Beatrice Galilee has curated an online design symposium for Virtual Design Festival, which will be broadcast from 1:00pm UK time later today. In this video message, she questions the role of the creative industries during the coronavirus pandemic.

Galilee is a co-founder and curator of The World Around, an architecture and design conference, which had its first edition in January 2020 in New York.

Galilee has curated a series of interviews with architects and visionaries working on environmental issues around the world in a symposium for Earth Day, which will be broadcast live on Dezeen from 1:00pm today as part of a collaboration between Virtual Design Festival and The World Around.

"Like everybody working in the creative industries now, I'm wondering what to say and what our role is and what we can learn from these extremely complicated times that we're all sharing together," Galilee said in the video.

"Those are some of the questions I'm asking the best people I know in the design industries on 22 April here on Dezeen, when The World Around is going to take over the website for Earth Day."

Tribute to essential workers

Speaking from her home in Brooklyn, New York, Galilee also paid tribute to the essential workers on the frontlines of the coronavirus pandemic in her video message.

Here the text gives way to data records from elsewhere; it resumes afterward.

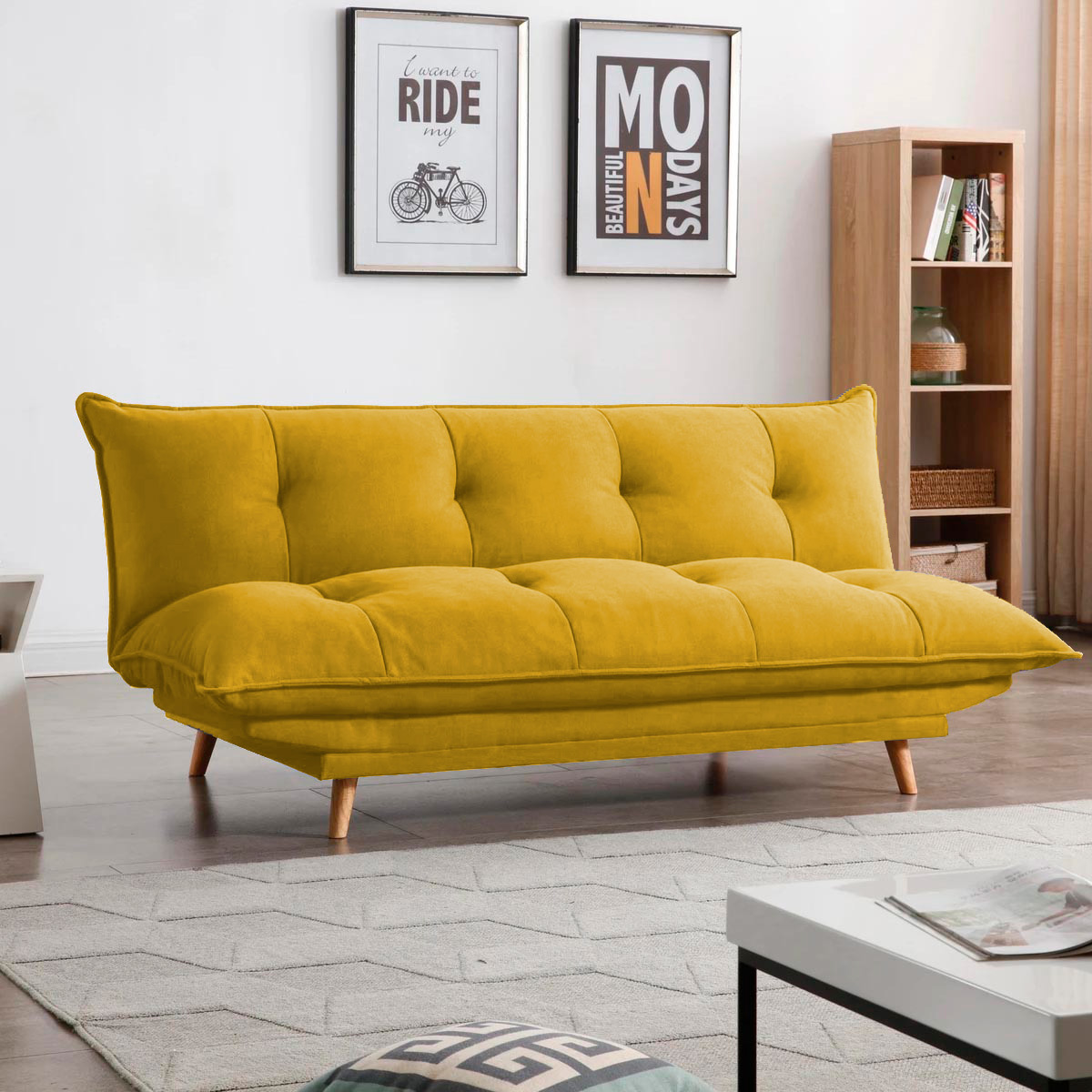 Sofá Cama Tapizado en Lino Color Mostaza. Estructura de Madera Sólida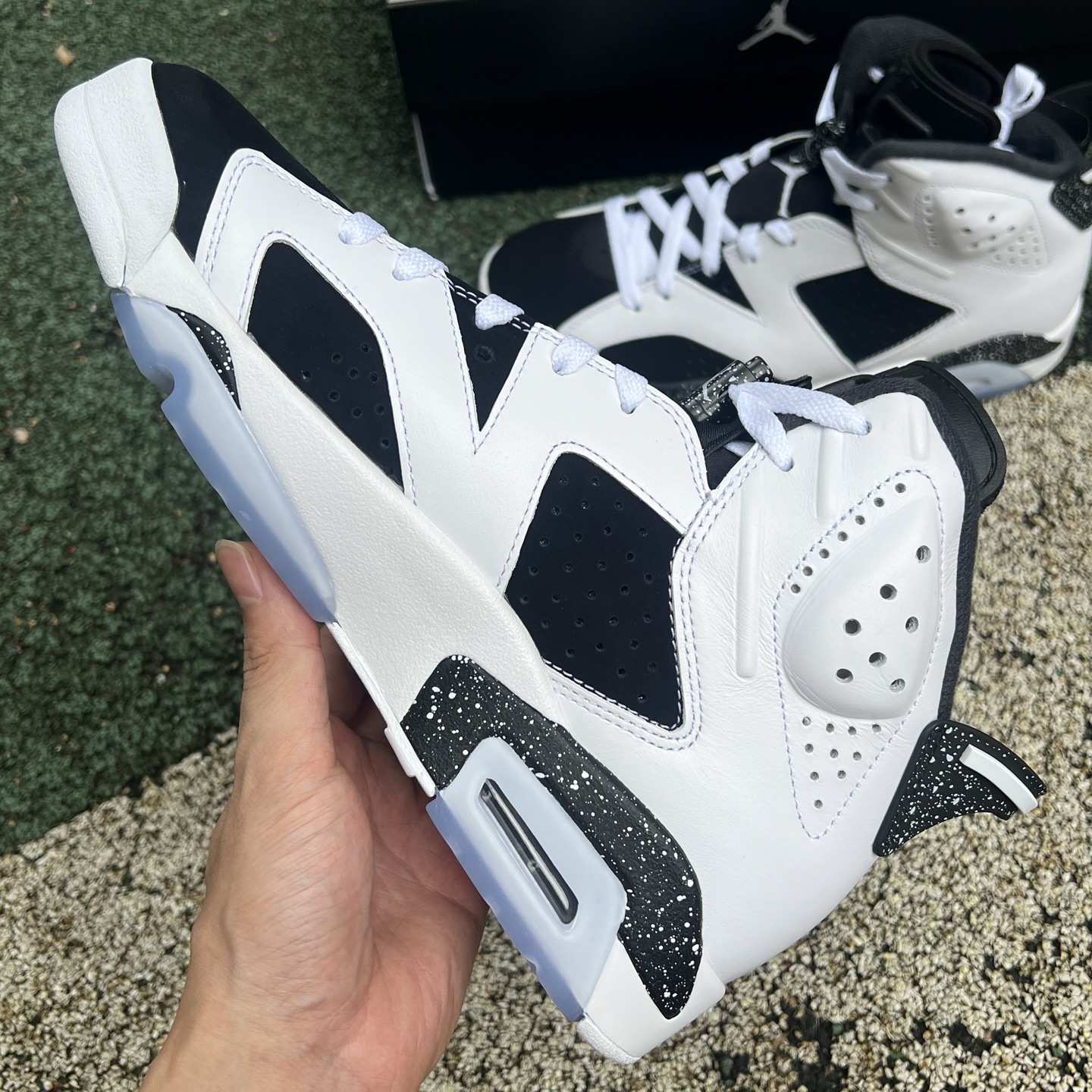 Air Jordan 4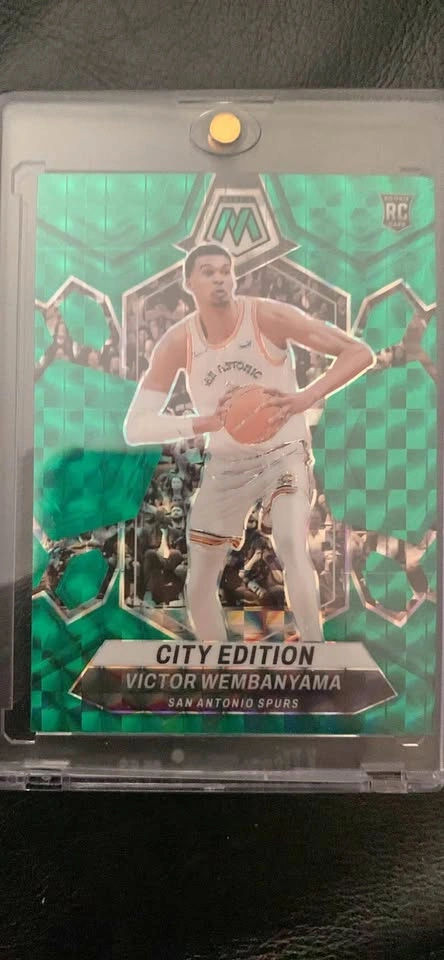 2023-24 Panini Mosaic Victor Wembanyama #282 Green Mosaic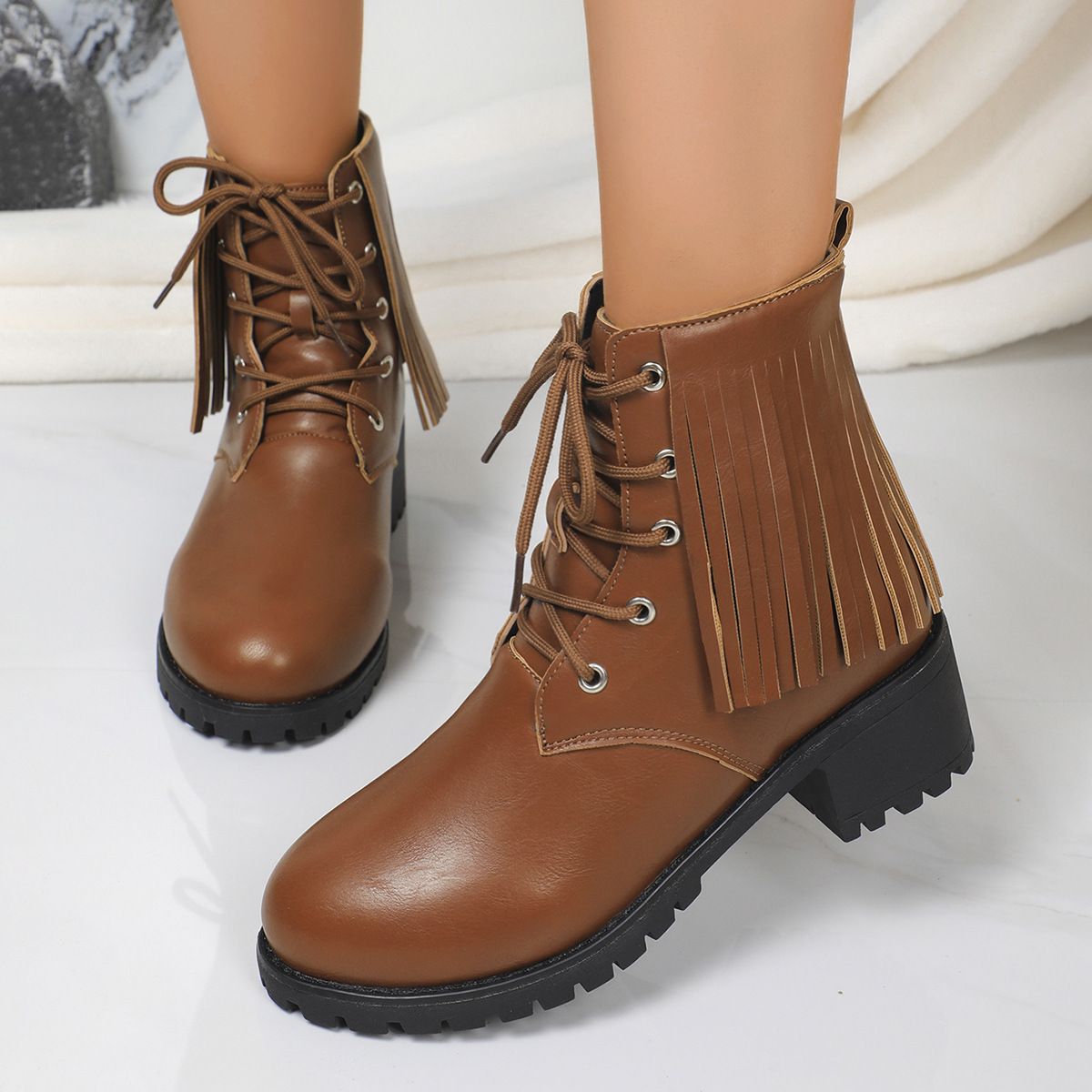 Autumn and winter new style in the heel thick with Martin boots women in Europe and the United States before lacing tassel large size female boots
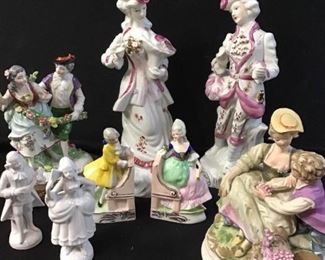 178Figurines of Renaissance Couples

"I'm extremely lucky and grateful to be safe and comfortable in quarantine, and very aware that's not the case for everybody, and so thankful to everybody who's on the frontlines at the moment, keeping us all safe and fed and healthy," she said.

Galilee's video message features in Dezeen's launch movie for Virtual Design Festival, along with video messages from 34 other architects, designers and artists in lockdown around the world, including Stefano GiovanniEs DevlinIni ArchibongBen van Berkel and Bec Brittain. You can watch the full movie here.

Galilee is a writer, curator and former curator for architecture and design at the Metropolitan Museum in New York, where she organised its architecture symposium A Year of Architecture in a Day

Send us a video message

Dezeen invited architects, designers, artists and industry figures to record video messages from lockdown and made a montage of 35 video messages to launch Virtual Design Festival.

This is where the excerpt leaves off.